Protocol for objects with a domain-specific dual representation.

The meaning of "dual" is defined by the concrete domain. Geometry classes use it for direct/reciprocal lattice pairs, while symbolic or linear algebra objects may use it for paired spaces or representations. The property should return the corresponding object without mutating self.

dual abstractmethod property

dual

Return the dual object associated with this instance.

Returns:

Type	Description
Any	Dual representation of this object. Concrete subclasses should return a value of the domain-specific dual type.

HasBase

Bases: Generic[BaseType], ABC

An object that is expressed in a specific base (basis/coordinate system).

"Base" here means the same thing you would mean for a vector: a basis (or basis-like structure) that defines how the object's representation is written. Examples include a vector's basis, a lattice/affine space's basis, a function expanded in a basis of functions, or an operator expressed in a particular coordinate frame.

The key idea is that the mathematical object is the same, but its representation depends on the base. Implementations should therefore provide rebase(...) to return a new equivalent object expressed in a new base, without mutating the original.

Implementer workflow

• base() should return the current representation context.
• rebase(new_base) should change only the representation, not the underlying mathematical object.
• Incompatible target bases should fail with a clear error, usually ValueError.

Examples:

An offset vector can be rebased from one affine space to another by changing its coordinate column while preserving the same Cartesian vector.

base abstractmethod

base() -> BaseType

Return the base (basis/coordinate system) this object is currently expressed in.

This should be a lightweight, stable descriptor of the representation context (e.g., a basis matrix, lattice, coordinate frame, or function basis). The returned base is used by rebase(...) to construct an equivalent object in a new base, so implementations should not mutate internal state and should prefer returning an immutable or effectively immutable object.

Returns:

Type	Description
BaseType	Base object that defines this instance's current representation.

Source code in src/qten/abstracts.py

@abstractmethod
def base(self) -> BaseType:
    """
    Return the base (basis/coordinate system) this object is currently expressed in.

    This should be a lightweight, stable descriptor of the representation context
    (e.g., a basis matrix, lattice, coordinate frame, or function basis).

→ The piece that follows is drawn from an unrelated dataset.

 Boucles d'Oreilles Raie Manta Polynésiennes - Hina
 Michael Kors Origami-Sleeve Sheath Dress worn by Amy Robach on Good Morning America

The
    returned base is used by [`rebase(...)`][qten.abstracts.HasBase.rebase] to construct an equivalent object in a
    new base, so implementations should not mutate internal state and should
    prefer returning an immutable or effectively immutable object.

    Returns
    -------
    BaseType
        Base object that defines this instance's current representation.
    """
    raise NotImplementedError()

rebase abstractmethod

rebase(new_base: BaseType) -> HasBase[BaseType]

Return an equivalent object expressed in new_base.

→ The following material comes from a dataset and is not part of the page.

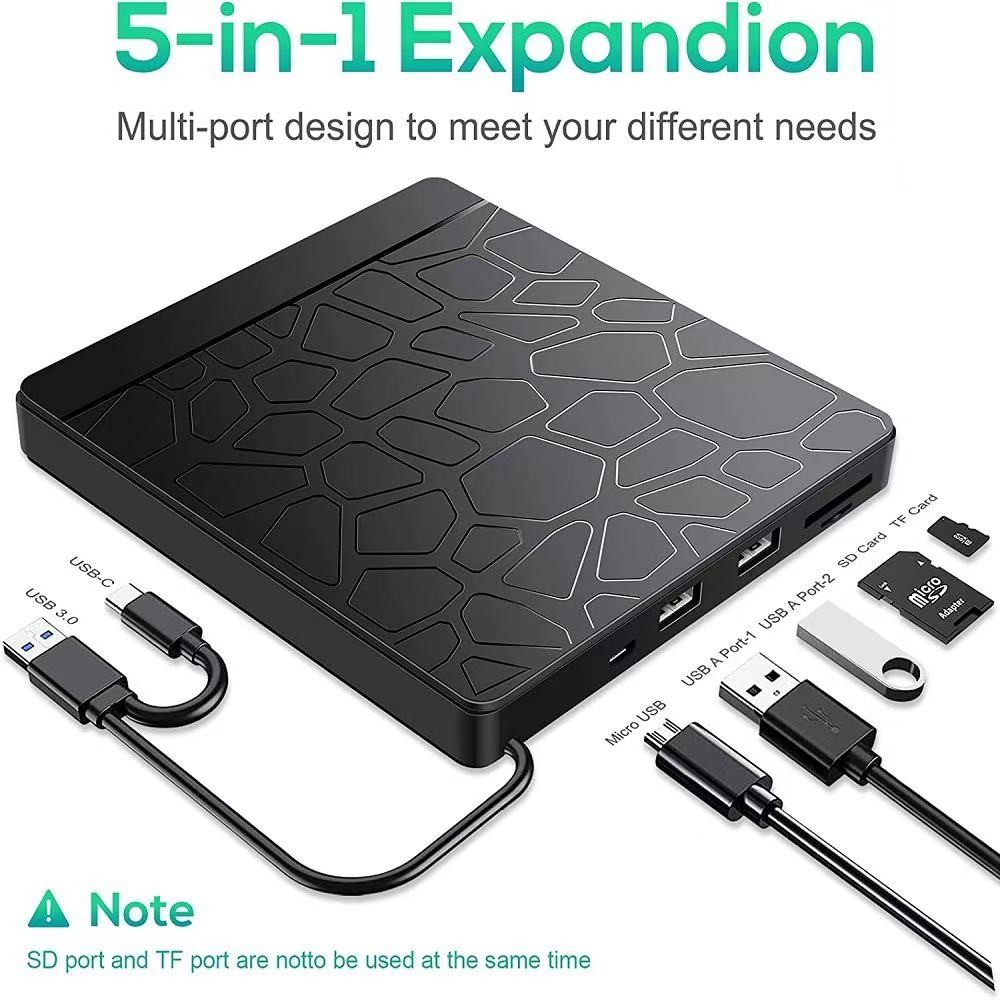 ไดรฟ์ DVD ภายนอก, USB 3.0 DVD Burner ภายนอก USB C CD +/-RW ไดรฟ์ DVD Reader และ Writer พร้อม 2 USB แ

Implementations must preserve the underlying mathematical object while changing only its representation. This method should be pure: do not mutate self or new_base. Prefer returning a new instance, even if the base is unchanged; if you choose to return self for identical bases, document that behavior and ensure immutability.

new_base is expected to be compatible with the object. If it is not, raise a clear error, typically ValueError. Do not silently coerce incompatible bases.

Parameters:

Name	Type	Description	Default
new_base	BaseType	Target base for the returned representation.	required

Returns:

Type	Description
HasBase[BaseType]	Equivalent object expressed in new_base.

Raises:

Type	Description
ValueError	If new_base is incompatible with this object's representation.

Source code in src/qten/abstracts.py

@abstractmethod
def rebase(self, new_base: BaseType) -> "HasBase[BaseType]":
    """
    Return an equivalent object expressed in `new_base`.

    Implementations must preserve the underlying mathematical object while
    changing only its representation. This method should be pure: do not
    mutate `self` or `new_base`. Prefer returning a new instance, even if
    the base is unchanged; if you choose to return `self` for identical
    bases, document that behavior and ensure immutability.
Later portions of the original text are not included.